THE CORSICAN BROTHERS—A FAMOUS TRICK FILM

The parts of the twin brothers in this film were acted by the same man, the illusion being accomplished by the double exposure trick.

Courtesy of the Vitagraph Company of America

THE GUILLOTINE

Famous scene from the photoplay based on Dickens's great novel, "A Tale of Two Cities."

Simple as it was, thousands and thousands dropped nickels into a slot and peeped into the hole at the "moving pictures." Some of the boys who read this may remember machines like it. The mechanism was in a cabinet in which the pictures were shown on a positive film. This was about forty feet long and was strung backward and forward inside the cabinet on a series of spools in a continuous chain. The film passed before the peep-hole and the pictures were magnified by a lens. They were illuminated by an electric lamp behind them. A rotating shutter cut off the light intermittently, so that each picture was seen for the fraction of a second, and then a period of darkness ensued. The shutter was the only attempt at intermittent revealing of the pictures, for the film travelled continuously.
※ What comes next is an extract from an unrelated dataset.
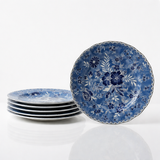 Set of blue floral ceramic plates on a white background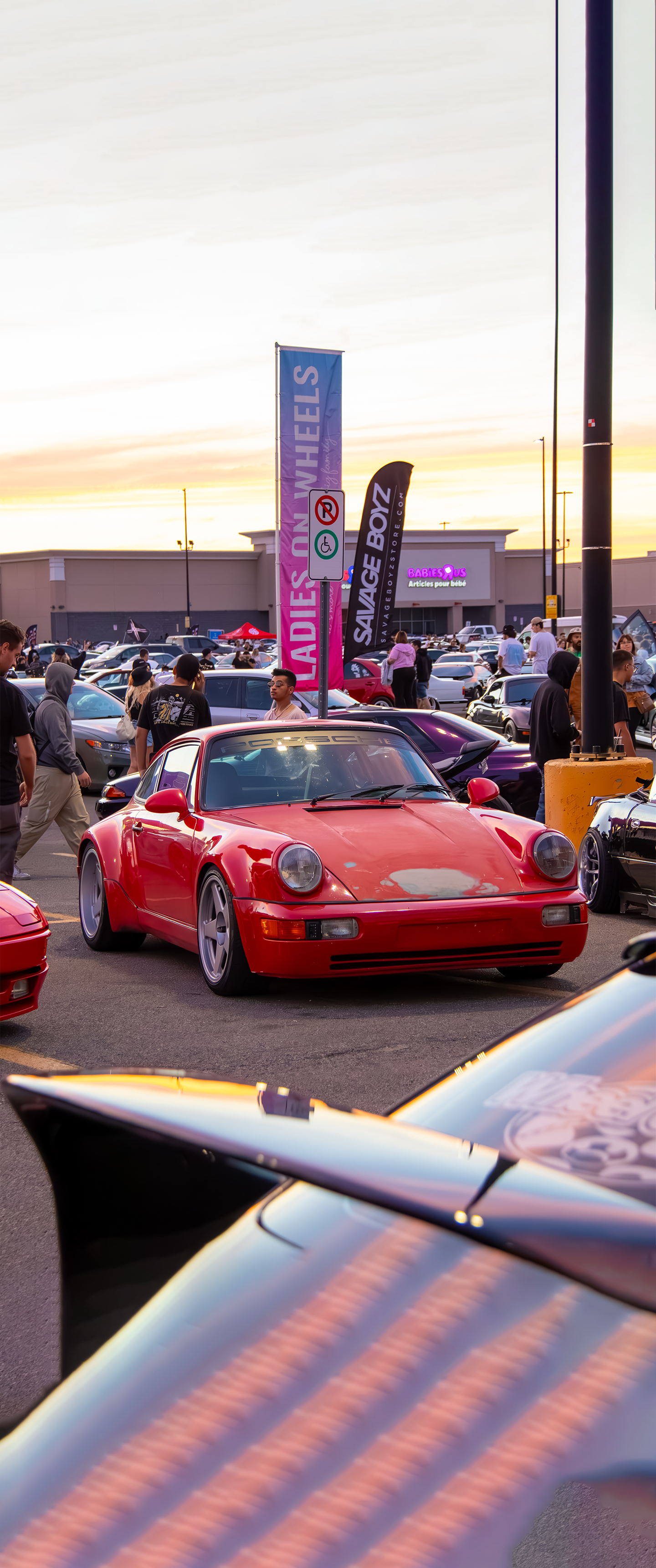 Photo of a Porsche 911 964 in red at a festival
The camera that Edison invented for taking the pictures shown in his kinetoscope was in principle about the same as the one described earlier in this chapter, except that it has been wonderfully improved in mechanical accuracy and photographic clearness. The hardest problem facing him was the machine which would show the pictures to a large number of spectators at the same time and do away with the old peep-hole machine. The idea of the magic lantern immediately presented itself, but the inventor quickly saw the necessity of an intermittent motion, for if the ribbon of pictures was drawn before the beam of light fast enough to give the illusion of motion, each picture was thrown on the screen for such a short time that it was too faint to be seen easily. From this it was to Edison but a step to a practicable projector, and nothing remained but to improve its mechanical working.